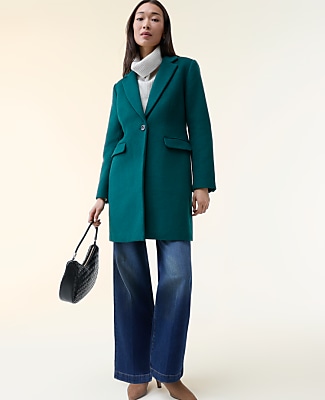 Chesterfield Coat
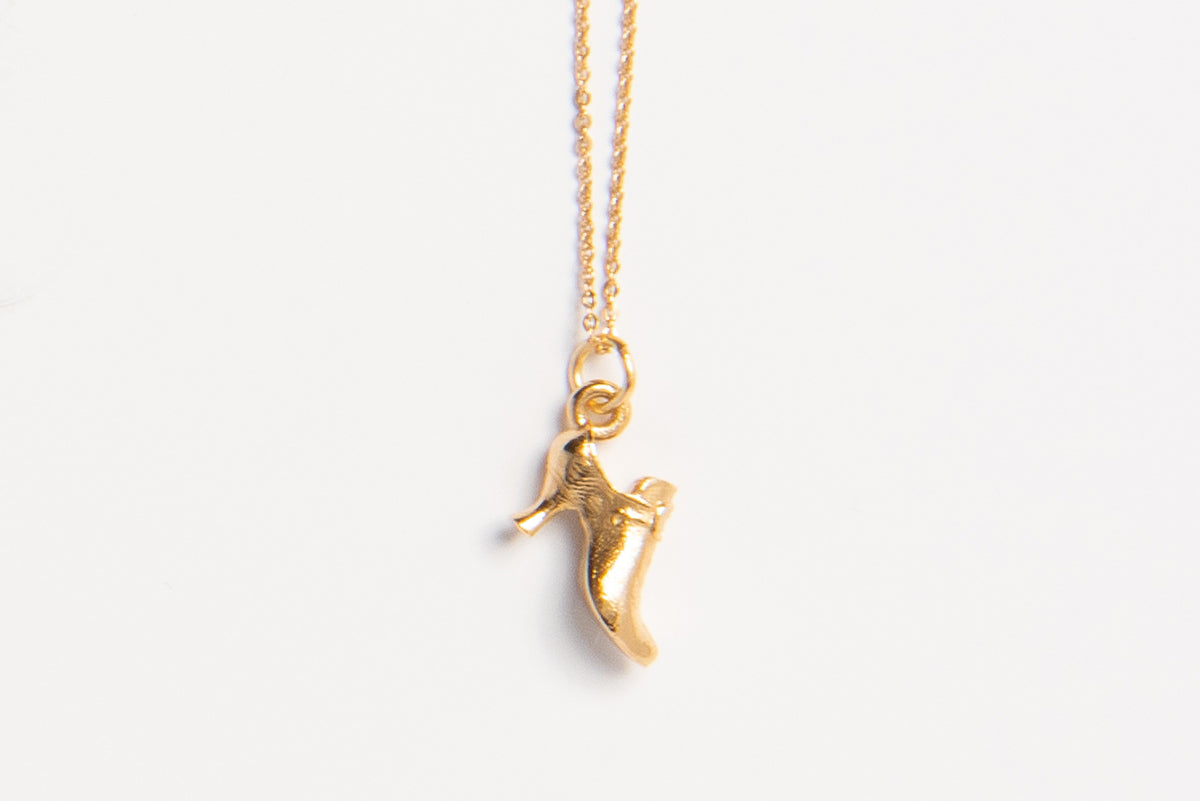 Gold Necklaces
════════════════════
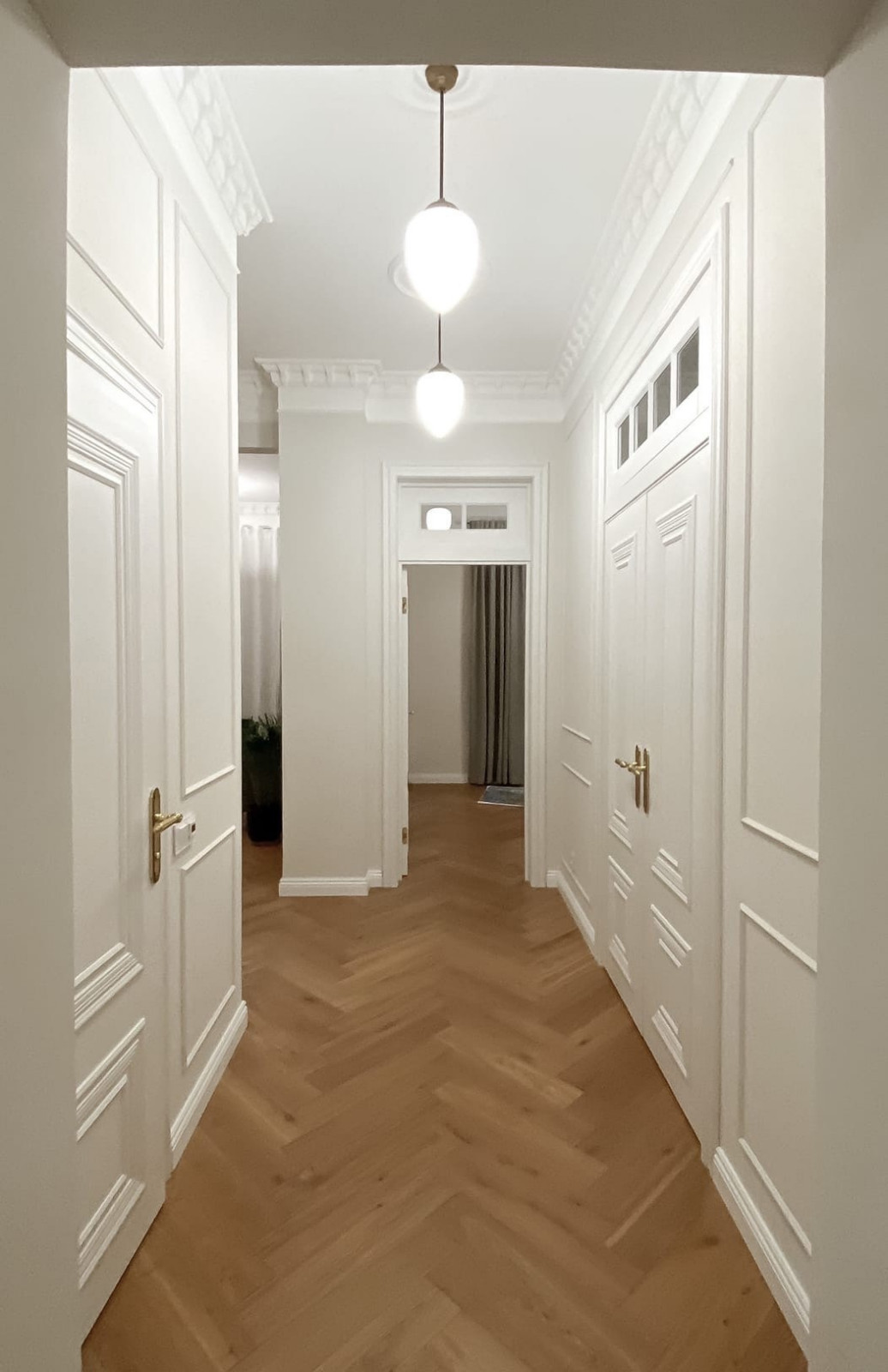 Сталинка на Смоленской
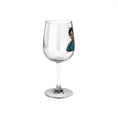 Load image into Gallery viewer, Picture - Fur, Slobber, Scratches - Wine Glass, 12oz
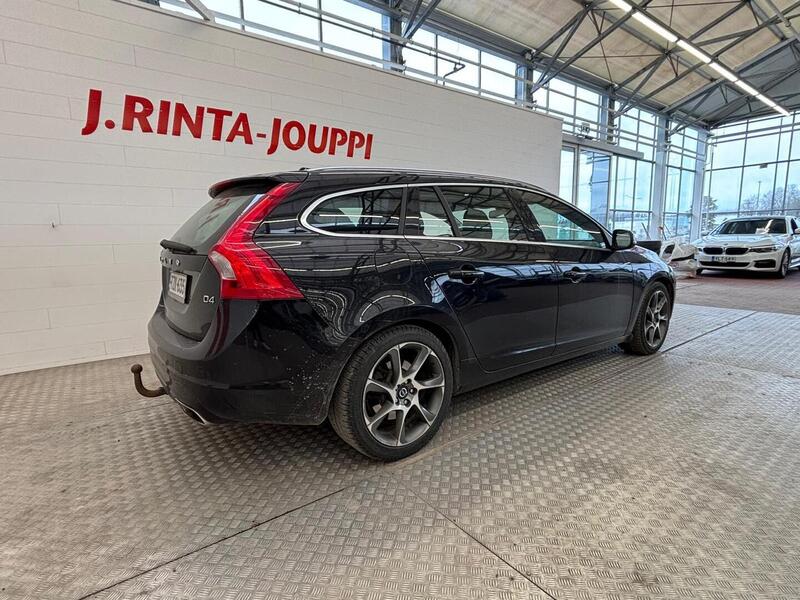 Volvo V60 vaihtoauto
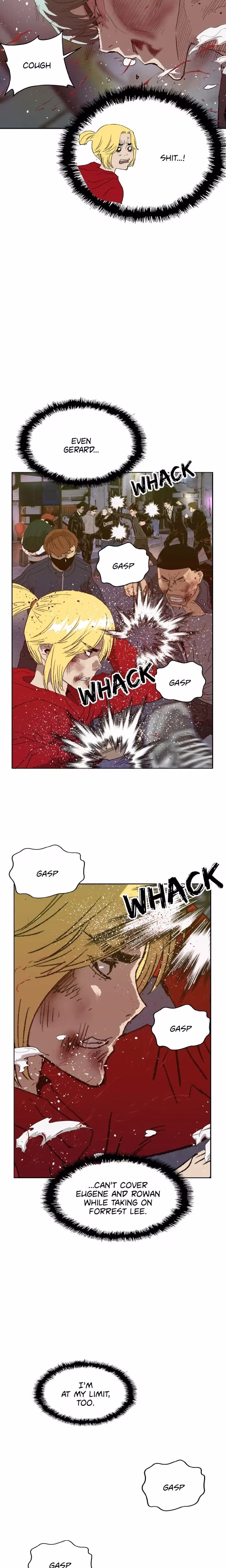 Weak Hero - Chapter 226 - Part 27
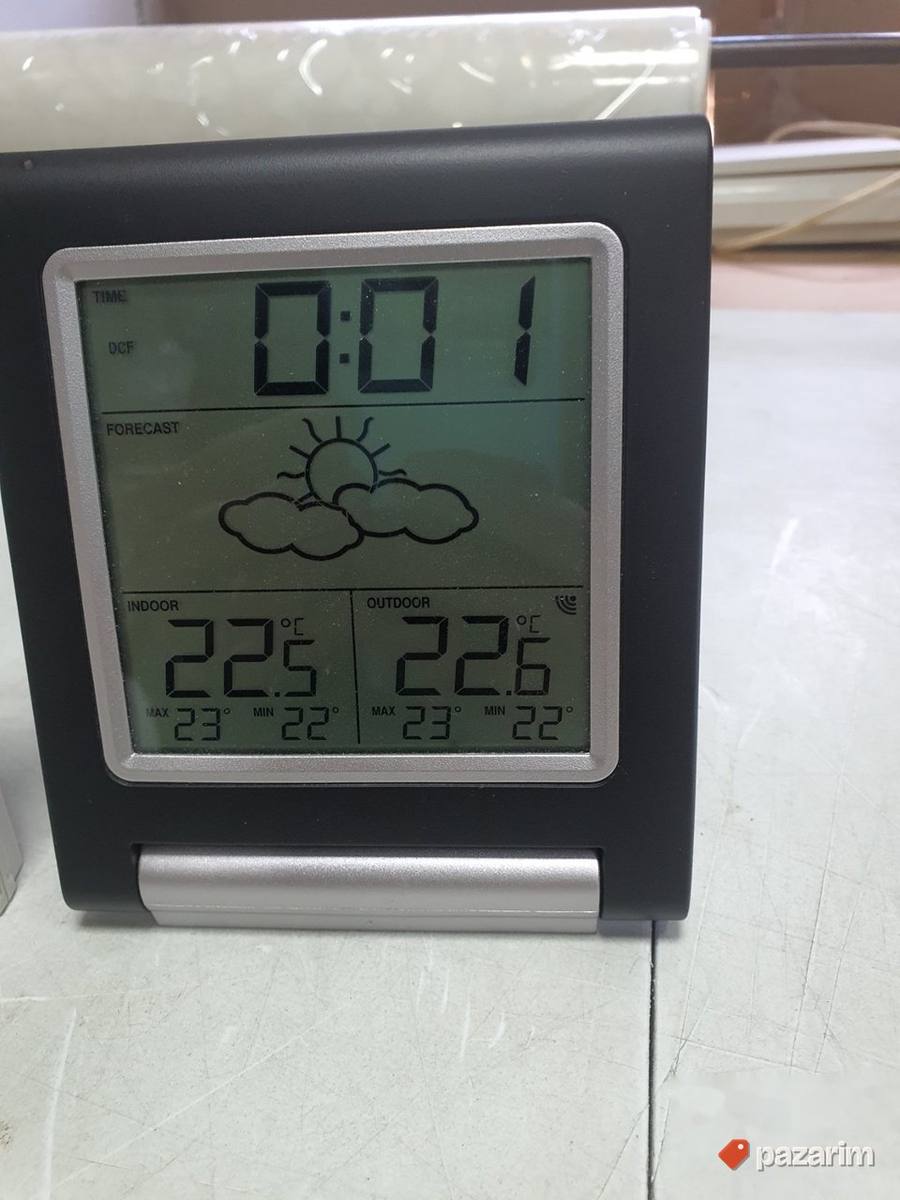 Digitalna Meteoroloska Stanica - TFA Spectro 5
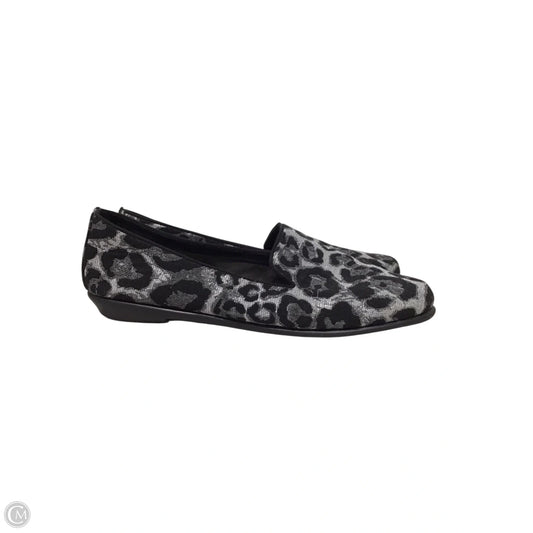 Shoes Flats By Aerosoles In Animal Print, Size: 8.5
════════════════════
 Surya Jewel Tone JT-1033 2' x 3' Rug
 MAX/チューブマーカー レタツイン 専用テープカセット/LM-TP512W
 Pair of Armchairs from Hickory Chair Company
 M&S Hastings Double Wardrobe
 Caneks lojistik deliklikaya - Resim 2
════════════════════
• **YOUR GOAL**
Reproduce exactly the entries above, limited to the lines from the one with "M&S Hastings Double Wardrobe" through the one with "Caneks lojistik deliklikaya - Resim 2", both included.

• **THE ANSWER**
 M&S Hastings Double Wardrobe
 Caneks lojistik deliklikaya - Resim 2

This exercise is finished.